Go through the records and restate them word for word, omitting images.

--

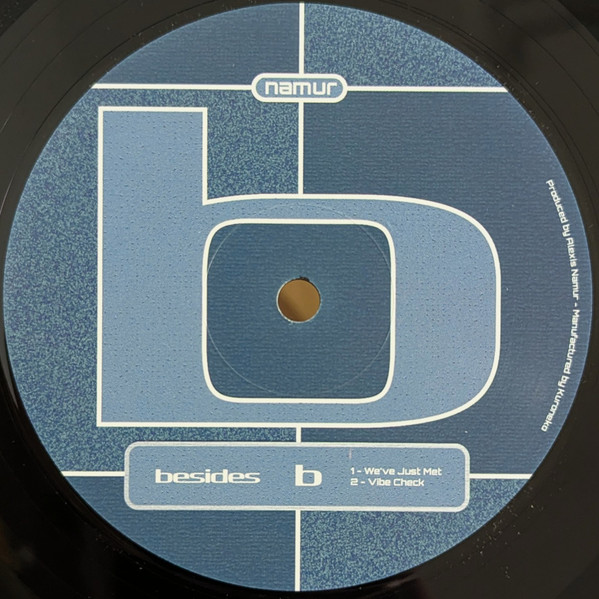 Alexis Namur - In Between EP | Besides (BSDS002)
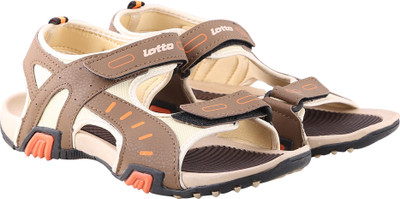 

Lotto Men Brown Beige Sports Sandals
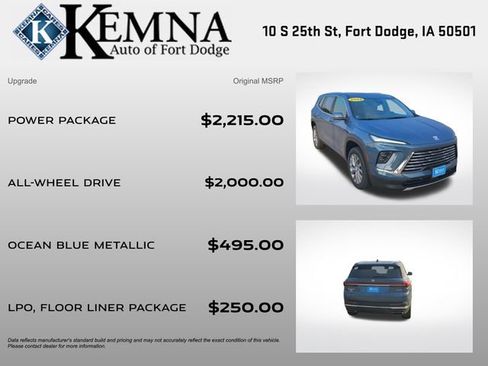 New 2026 Buick Enclave Preferred w/ Power Package image 4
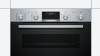 Picture of Bosch MBA5575S0B Serie 6 Integrated Double Oven in Stainless Steel - Display Model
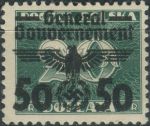 Obrázek k výrobku 39897 - 1940, Generální Gouvernement, 014/039, Polské známky s přetiskem ∗
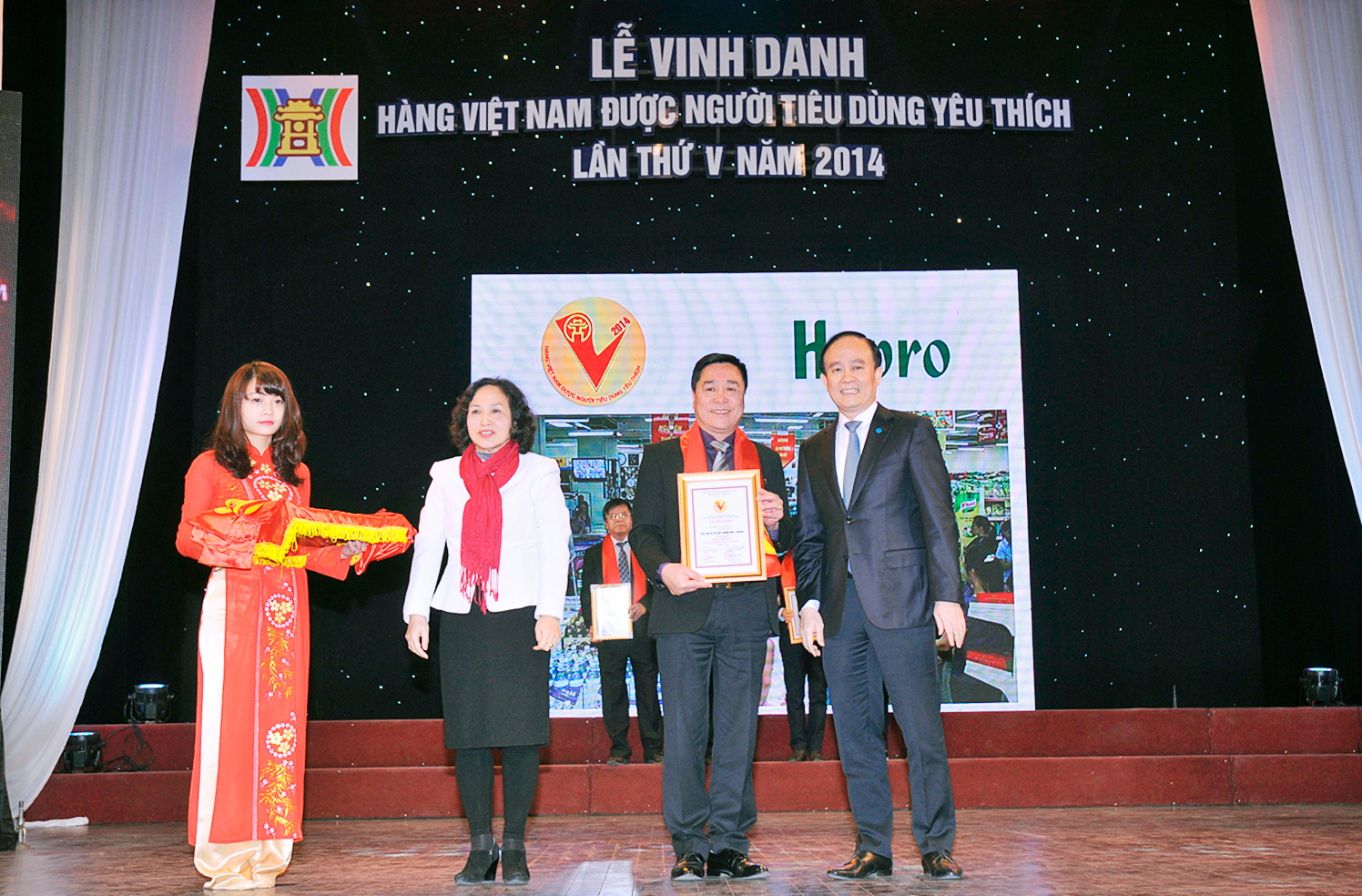 CADI-SUN – Top 10 brands of “Vietnamese Goods is loved by consumers” in 2014
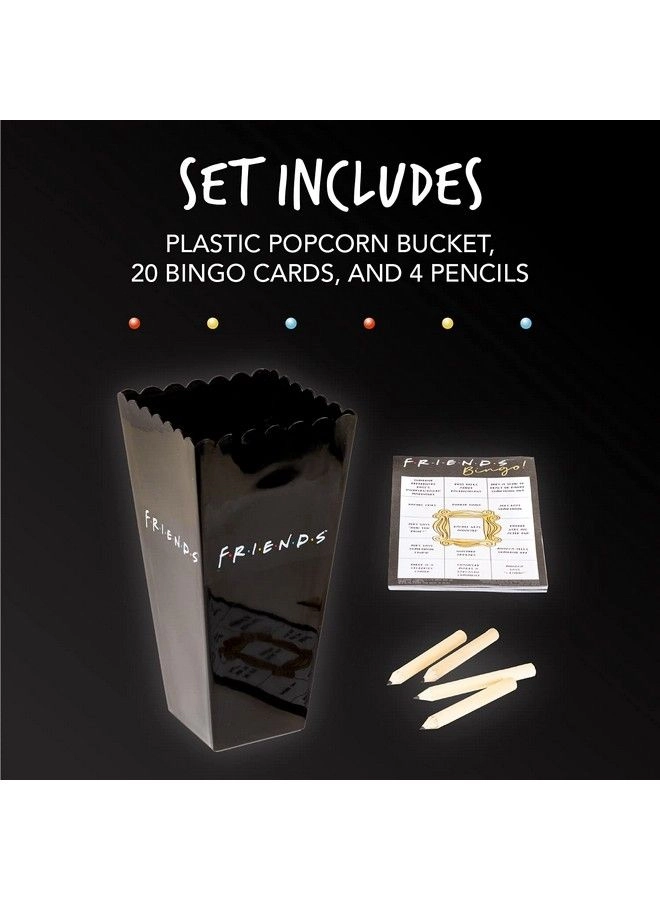 Friends Tv Show Bingo - Red Pp8204Fr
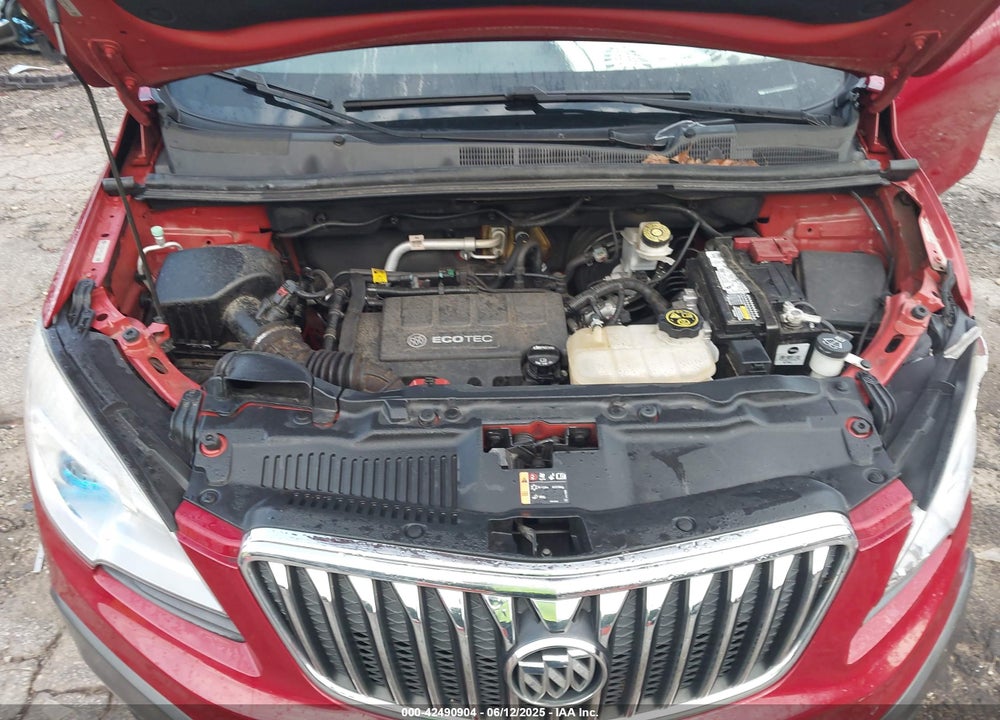 2016 BUICK ENCORE VIN: KL4CJASB8GB671519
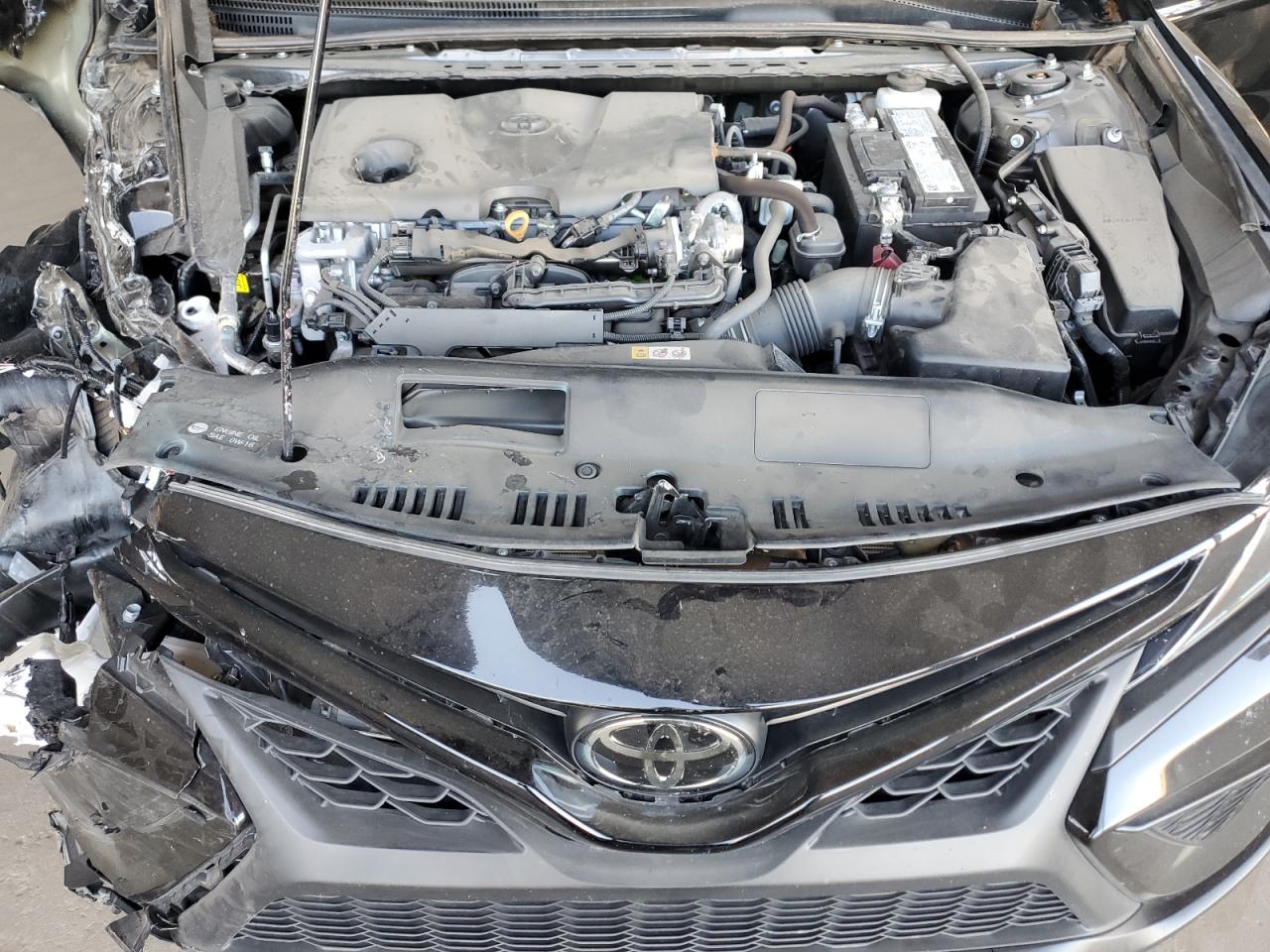 2023 TOYOTA CAMRY SE NIGHT SHADE VIN:4T1G11AK9PU760816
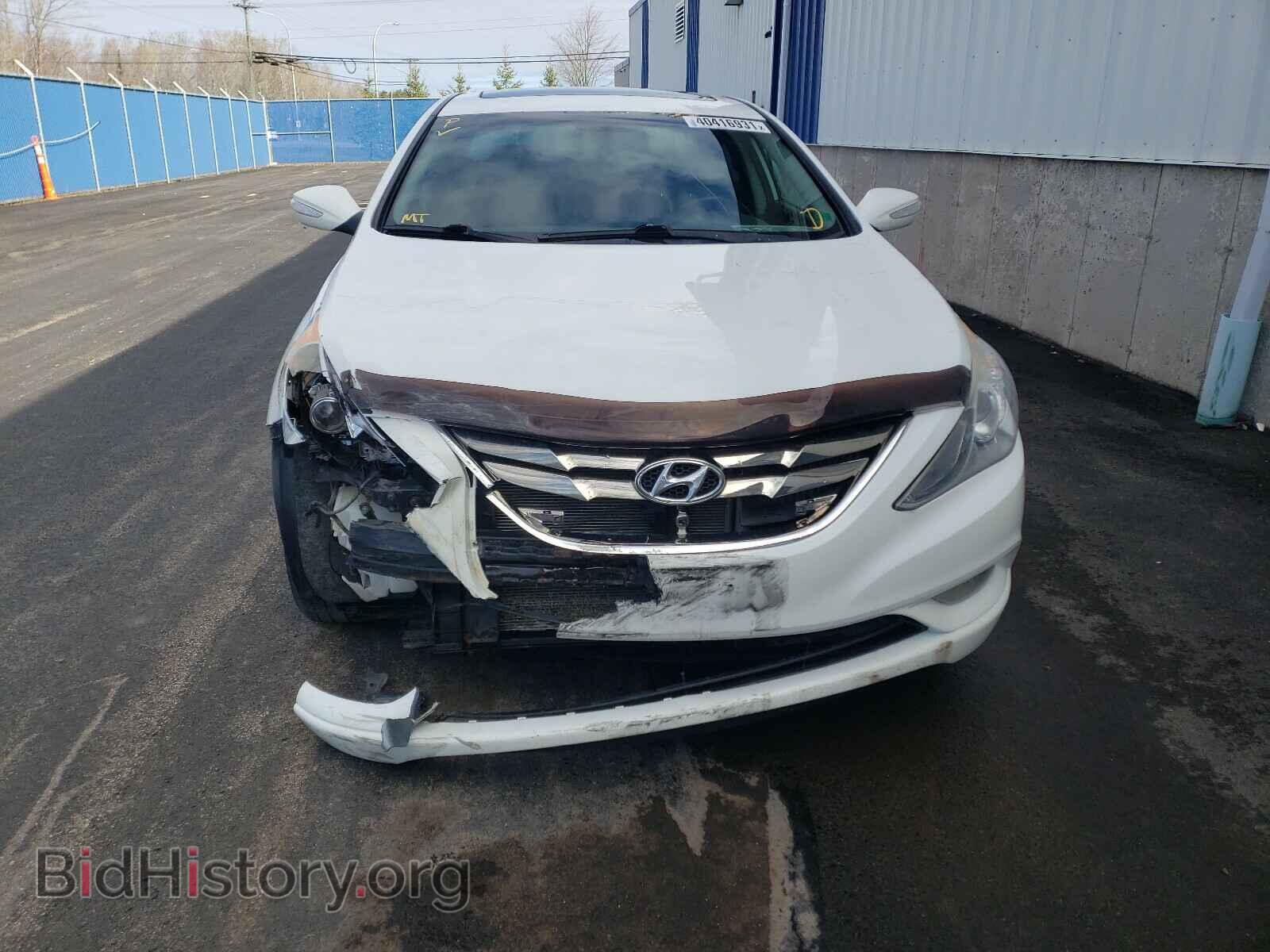 2012 HYUNDAI SONATA - VIN: 5NPEC4AB6CH452062 - Фото 9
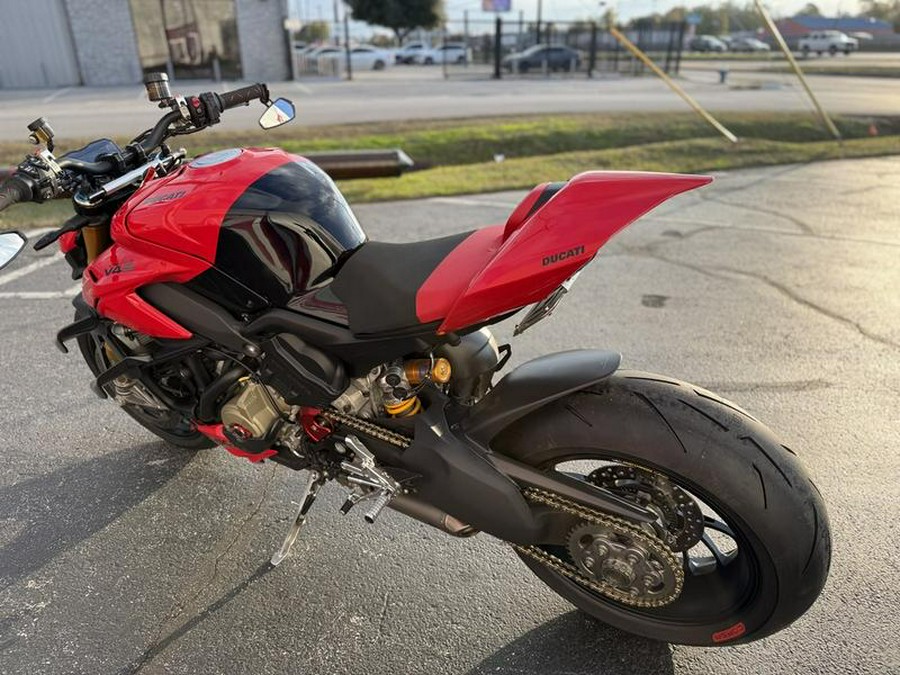 2023 Ducati Streetfighter V4 S Ducati Red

--

Task result:
 Alexis Namur - In Between EP | Besides (BSDS002)

Lotto Men Brown Beige Sports Sandals
 New 2026 Buick Enclave Preferred w/ Power Package image 4
 Picture of Bosch MBA5575S0B Serie 6 Integrated Double Oven in Stainless Steel - Display Model
 Obrázek k výrobku 39897 - 1940, Generální Gouvernement, 014/039, Polské známky s přetiskem ∗
 CADI-SUN – Top 10 brands of “Vietnamese Goods is loved by consumers” in 2014
 Friends Tv Show Bingo - Red Pp8204Fr
 2016 BUICK ENCORE VIN: KL4CJASB8GB671519
 2023 TOYOTA CAMRY SE NIGHT SHADE VIN:4T1G11AK9PU760816
 2012 HYUNDAI SONATA - VIN: 5NPEC4AB6CH452062 - Фото 9
 2023 Ducati Streetfighter V4 S Ducati Red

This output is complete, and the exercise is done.